Exercise objective → Retype nothing except the lines below from the one with "Pastor é suspeito" through the one with "Casa · 120m²", exactly, with images left out.

[[ Material provided, beginning ]]

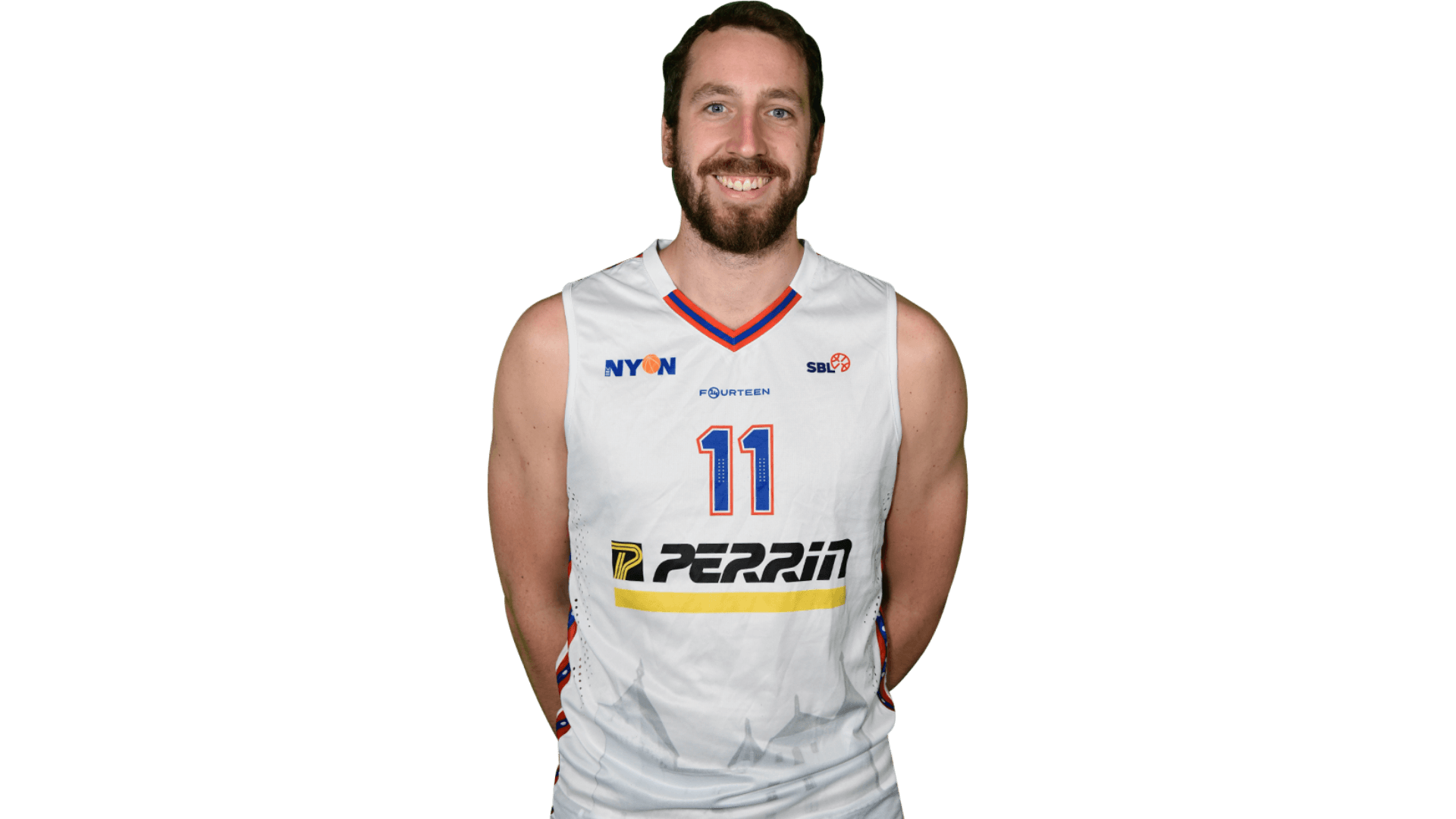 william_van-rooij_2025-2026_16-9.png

[[ Material provided, end ]]
[[ Material provided, beginning ]]

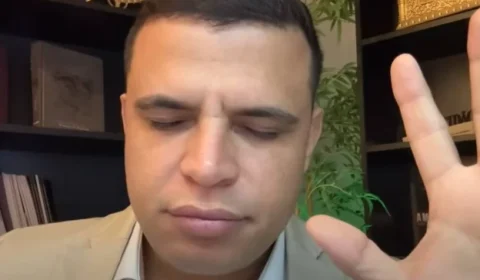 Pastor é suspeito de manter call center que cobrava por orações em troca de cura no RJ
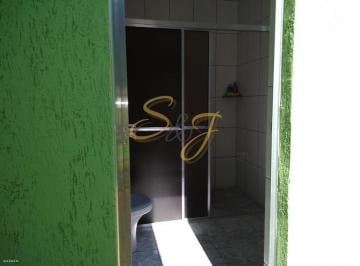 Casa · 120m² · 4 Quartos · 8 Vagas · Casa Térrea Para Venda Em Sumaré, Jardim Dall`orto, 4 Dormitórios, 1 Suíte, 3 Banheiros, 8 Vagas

[[ Material provided, end ]]

Solution →
 Pastor é suspeito de manter call center que cobrava por orações em troca de cura no RJ
 Casa · 120m² · 4 Quartos · 8 Vagas · Casa Térrea Para Venda Em Sumaré, Jardim Dall`orto, 4 Dormitórios, 1 Suíte, 3 Banheiros, 8 Vagas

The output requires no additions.